Pashinian’s press secretary, Mane Gevorgian, said that the POWs were repatriated to Armenia via Georgia.
“The process took place with U.S. and Georgian mediation, for which the government of Armenia thanks the U.S. administration and the Georgian government,” Gevorgian wrote on Facebook.
Azerbaijan said it freed the POWs in exchange for an Armenian military map detailing the location of nearly 100,000 land mines in the Aghdam district east of Nagorno-Karabakh which was handed back to Baku under the terms of a Russian-brokered agreement that stopped last year’s Armenian-Azerbaijani war.
“The 15 Armenian captives were turned over on the Azerbaijani-Georgian border with the participation of Georgian representatives,” the Azerbaijani Foreign Ministry said in a statement.

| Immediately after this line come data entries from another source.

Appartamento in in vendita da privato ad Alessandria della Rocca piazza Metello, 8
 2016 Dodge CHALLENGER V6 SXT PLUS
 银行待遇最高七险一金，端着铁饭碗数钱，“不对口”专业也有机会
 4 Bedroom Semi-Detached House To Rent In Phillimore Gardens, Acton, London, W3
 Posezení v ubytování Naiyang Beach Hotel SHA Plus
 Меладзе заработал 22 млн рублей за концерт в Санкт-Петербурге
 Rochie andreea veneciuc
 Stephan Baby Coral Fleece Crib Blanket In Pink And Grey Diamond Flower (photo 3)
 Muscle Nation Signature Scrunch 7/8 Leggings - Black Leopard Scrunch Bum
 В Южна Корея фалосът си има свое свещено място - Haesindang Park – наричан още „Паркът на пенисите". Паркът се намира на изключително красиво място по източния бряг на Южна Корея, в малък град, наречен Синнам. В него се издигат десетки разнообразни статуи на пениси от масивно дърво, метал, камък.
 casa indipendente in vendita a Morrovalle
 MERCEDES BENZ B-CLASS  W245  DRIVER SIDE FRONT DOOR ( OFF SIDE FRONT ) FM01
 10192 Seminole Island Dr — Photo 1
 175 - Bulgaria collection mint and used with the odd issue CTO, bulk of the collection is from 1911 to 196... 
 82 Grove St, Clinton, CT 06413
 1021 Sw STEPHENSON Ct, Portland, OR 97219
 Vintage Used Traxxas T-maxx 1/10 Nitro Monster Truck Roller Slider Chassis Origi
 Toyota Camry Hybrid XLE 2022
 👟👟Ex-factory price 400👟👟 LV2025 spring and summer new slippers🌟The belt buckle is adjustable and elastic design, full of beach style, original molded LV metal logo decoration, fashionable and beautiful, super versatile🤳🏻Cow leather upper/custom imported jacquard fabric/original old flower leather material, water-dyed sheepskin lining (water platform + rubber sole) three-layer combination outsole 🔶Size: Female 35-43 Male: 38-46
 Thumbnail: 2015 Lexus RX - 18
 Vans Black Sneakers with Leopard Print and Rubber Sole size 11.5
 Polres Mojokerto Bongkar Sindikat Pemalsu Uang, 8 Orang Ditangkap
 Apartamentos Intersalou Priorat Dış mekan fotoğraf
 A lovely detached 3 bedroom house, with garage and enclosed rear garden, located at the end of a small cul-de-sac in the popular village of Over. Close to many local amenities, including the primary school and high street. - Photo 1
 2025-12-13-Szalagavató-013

U.S. Secretary of State Antony Blinken hailed their release. “We also welcome Armenia’s decision to provide Azerbaijan with important information that will facilitate humanitarian demining and avoid future casualties,” he said in a statement.
“The United States is pleased to support these steps and hopes they will lay the groundwork for additional cooperation. We continue to call for the return of all detainees and stand ready to assist the countries of the region in their efforts to continue cooperation and resolve outstanding issues between them,” added Blinken.
The Georgian government reported, meanwhile, that Prime Minister Irakli Gharibashvili personally helped to arrange the deal by negotiating with Pashinian and Azerbaijani President Ilham Aliyev.
The Armenian-Azerbaijani agreement brokered by Russian President Vladimir Putin last November calls for the unconditional release of all prisoners held by the conflicting sides.
Russian peacekeepers deployed in Karabakh after the six-week war have arranged several prisoner swaps in recent months. No Azerbaijani prisoners are known to be held in Armenia or Karabakh at present.
A total of 88 Armenian prisoners of war (POWs) and civilians have been freed to date. More than 100 others are believed to remain in Azerbaijani captivity. Yerevan regularly demands their immediate release.
Baku says that they are not covered by the truce agreement because they were captured after it took effect on November 10. Azerbaijani officials have branded the remaining Armenian detainees as “terrorists.”
At least 16 of them are facing what the Armenian Foreign Ministry condemned last week as “trumped-up criminal charges.”
“It is evident that Azerbaijan is using the captured people as political hostages and tools to pursue other goals,” the ministry said in a June 4 statement. It accused Baku of concealing “the real number of prisoners” and “denying the captivity of dozens of Armenian servicemen and civilians.”